I'd like to respond to a few points he makes.
First - You should evaluate Scala and pay attention to its benefits and
flaws before adopting it. Yes, there are flaws to Scala. Working at
typesafe makes you more aware of some of them. We're actively working
to reduce/minimize/get rid of these. In my opinion, the negatives of
using Scala are peanuts compared to the postives of choosing Scala over
Java. I think everyone should make up their own mind about this. Not
everyone is going to choose Scala. I feel bad for those who don't, but I
make no effort to convince you further than showing you the 40+ Open source Scala projects I have on github. It's a language with a lot to like and a bit to dislike.
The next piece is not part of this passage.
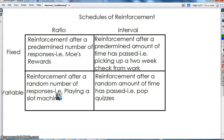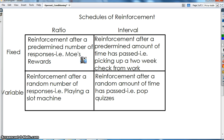Finally, a variable interval schedule provides reinforcement after a random amount of time has passed — like pop quizzes. You might have a pop quiz tomorrow, or three weeks from now, or two days in a row and then not another one for a long time. It's a random amount of time — very short or very long. The easiest way to remember schedules of reinforcement is a square: fixed at the top, variable at the bottom, ratio on the left, interval on the right. That should help you get these right on any exam.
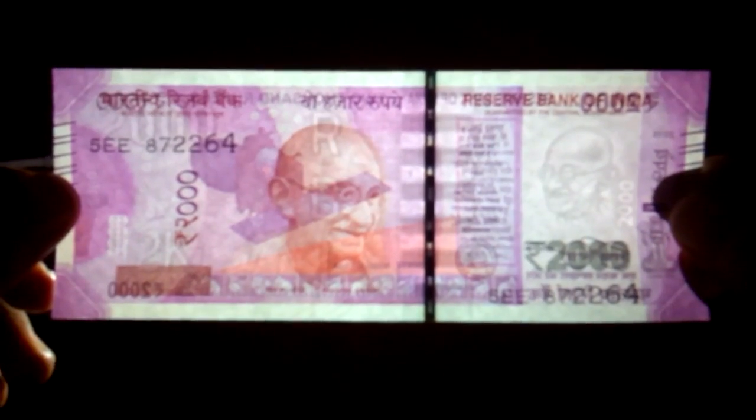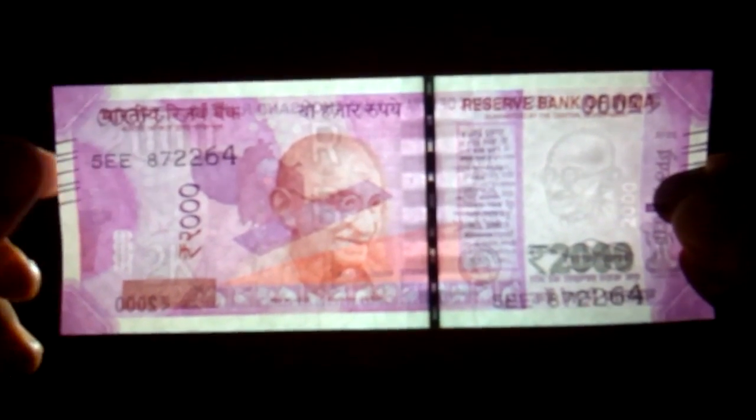Hello everyone, this is the new 2000 rupees note issued by the Indian government. Let's see the security features. You can find the 2000 rupees latent image on the right side, then you can find the 2K image — this is also another latent image — and then you can find the letters RBI, which is another latent image.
Now, to the meat of what I want to say. Don't get lost in micro optimization when discussing programming.
The blog article discusses writing high-performance code in the critical
path that has crazy performance needs. This is not your every day
development. Scala loses a lot of benefits in this world, because
features like closures have overhead on the JVM. Hopefully when Java
adopts closures, this overhead can be alleviated, but it is there right
now. The set of rules from the email is known to a lot of us Scala
devs when writing a performance intensive section of code.
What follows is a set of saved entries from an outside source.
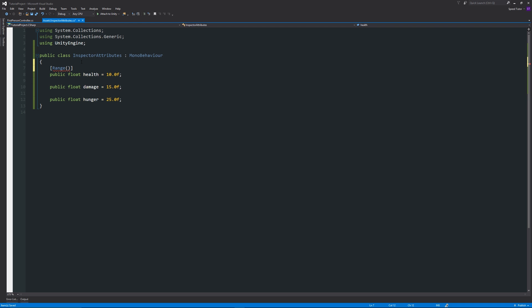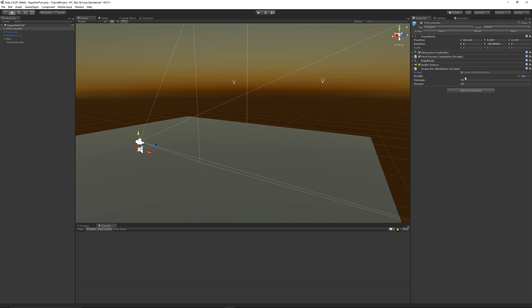We want maybe the health between 0 and 10, let's say. So when we do that we can save out and go back into Unity and with that applied you can see that now we have a range slider.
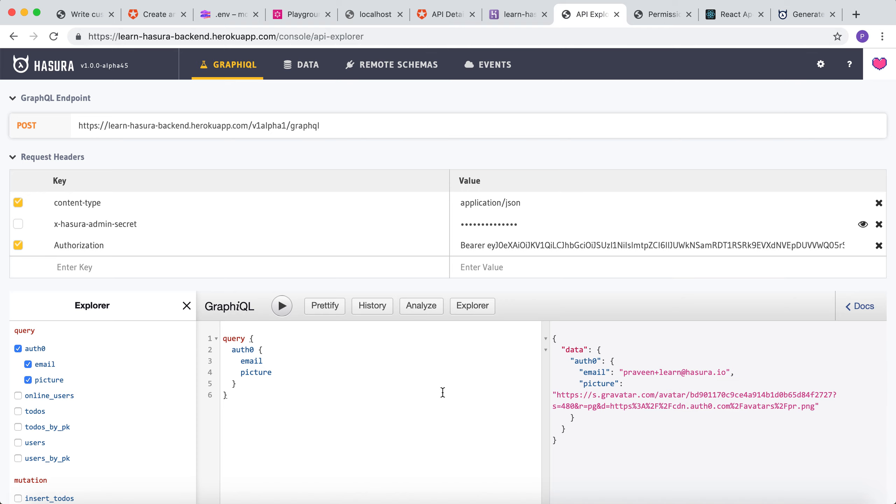Basically, whenever you have custom business logic to be written, you can add it as a remote schema and write your own GraphQL types and query it using the same GraphQL endpoint that Hasura provides you.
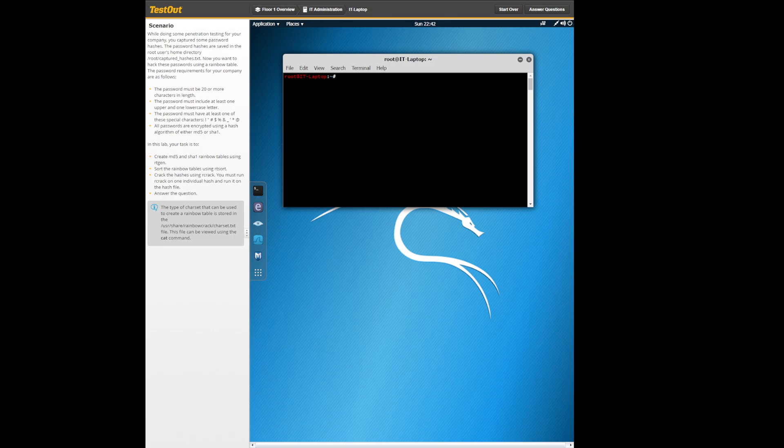The first thing you want to do is open up the terminal and then you're going to want to type in rtgen md5 maskI -32 -95.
I'll reiterate a few to agree with:
(1) Avoid closure overhead. If you can't get the JVM to optimize away
and need to allocate a closure constantly in a tight loop, this can slow
down a critical section. This is correlated with
(1a) Don't use a for loop. For expressions (and loops) in Scala are implemented as closures. There are some efforts underway to *inline* these closures
as an optimization. This performance hit isn't a permanent one. As
the compiler matures, you'll see a lot of optimization work happen.
(2) Use private[this] to avoid an additional method. Scala generated
methods and fields for val/var members. Using private[this] informs
the compiler that it can optimize away the method. Again, while
hotspot can optimize this away if you're in a very critical section, it
may be a good idea to optimize. In fact, the whole promotion to fields
and methods aspect of Scala classes deserves attention from anyone
writing performance critical code. The rules are also there in Java,
it's just that you probably have people that already know them.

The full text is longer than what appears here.